His eyes flew open, filled with shock. His lips parted in a soundless gasp. No other part of his body so much as twitched, because the Fey had spun a paralysis weave on him as soon as the shield weave had dissolved.

Ellysetta heard a voice—a wail. The Mage's wail. His mind rejecting the invasion of his thoughts. On the heels of his cry came a powerful intonation, two female voices, each vibrating with compulsion so strong, a chill shuddered up Ellysetta's spine.

«Open your mind, son of Eld. Let us in. We can feel how it hurts you to keep secrets from us. Don't torment yourself this way. The knowledge you hold is a knife in your belly, twisting deeper with every moment you delay. Let go of the pain, son of Eld. Open your mind, set free your burdens, and let us bring you peace.»

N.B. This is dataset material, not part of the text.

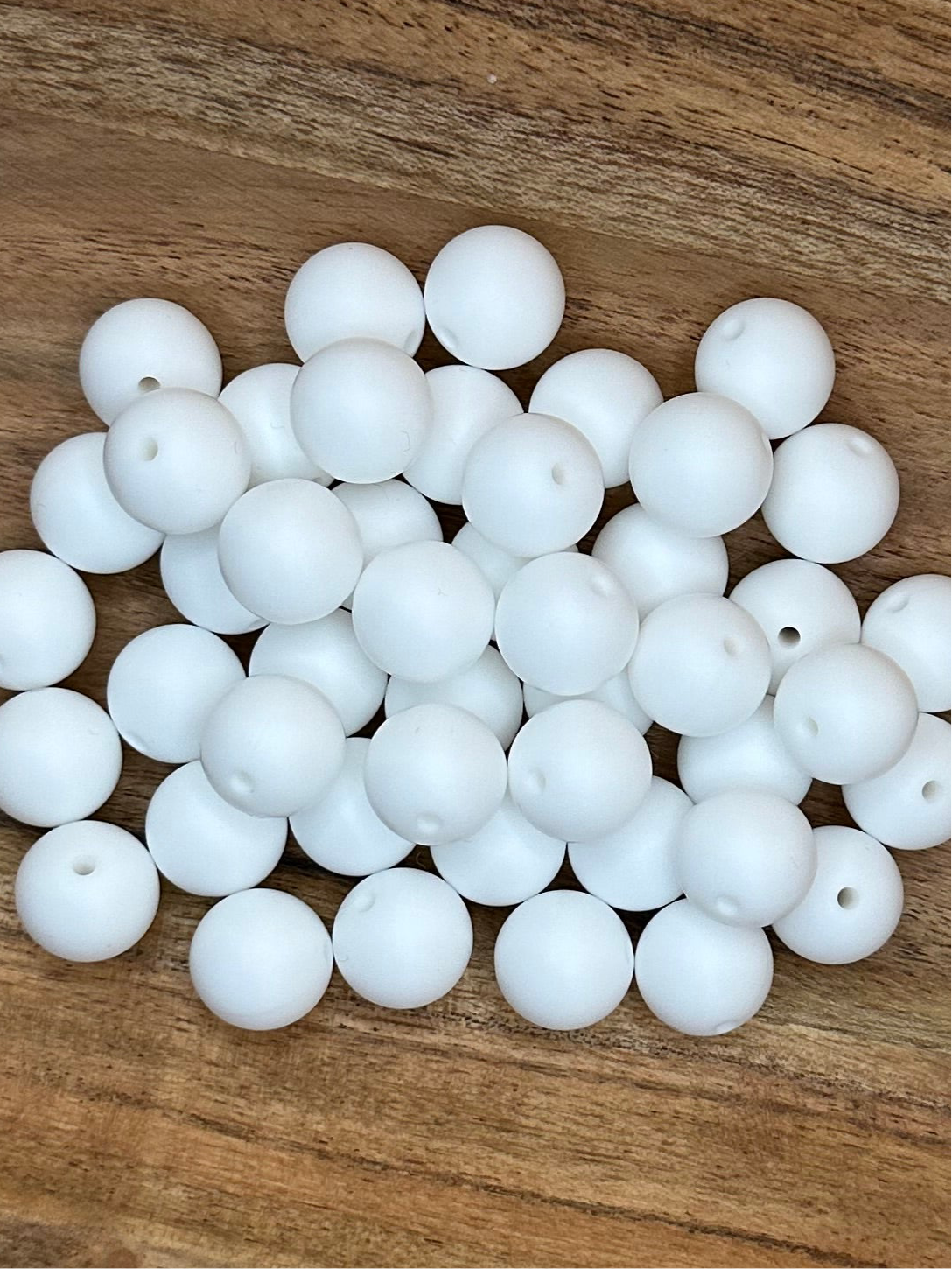 White- Solid Silicone Bead 15mm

Ellysetta's nails dug into Rain's wrist. The Mage was screaming now—a silent scream that ripped through his soul. The shei'dalins were not spinning pain upon him; he was doing it himself, thanks to the compulsion woven into their voices. Still, he fought to hold his barriers in place and resist the invasion of his mind. He wanted to whisper the death spell, the one that would free him from this torment and keep what he knew safe, but he couldn't remember the word, and his tongue couldn't move to form it.

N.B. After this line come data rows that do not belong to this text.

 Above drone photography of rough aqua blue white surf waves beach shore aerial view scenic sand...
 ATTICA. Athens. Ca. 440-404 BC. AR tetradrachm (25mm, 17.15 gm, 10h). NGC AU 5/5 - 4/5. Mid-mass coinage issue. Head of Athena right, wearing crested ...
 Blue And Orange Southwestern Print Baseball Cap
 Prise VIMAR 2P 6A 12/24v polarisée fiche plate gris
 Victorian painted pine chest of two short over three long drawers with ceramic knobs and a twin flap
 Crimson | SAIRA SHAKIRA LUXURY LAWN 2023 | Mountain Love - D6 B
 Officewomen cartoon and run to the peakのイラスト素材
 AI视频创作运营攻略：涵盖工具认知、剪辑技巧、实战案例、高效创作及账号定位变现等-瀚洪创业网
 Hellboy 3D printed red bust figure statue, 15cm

"Torvan …» The shei'dalins had pierced the outer layer of his mind and discovered the Mage's name and a memory from his childhood—a memory of a time when he'd been young and still innocent, a powerful child already slated for greatness. He had a mother, a Primage's favored concubine, a beauty with brown eyes and raven hair. She had loved him—at least as much as a woman of Eld dared to love her child.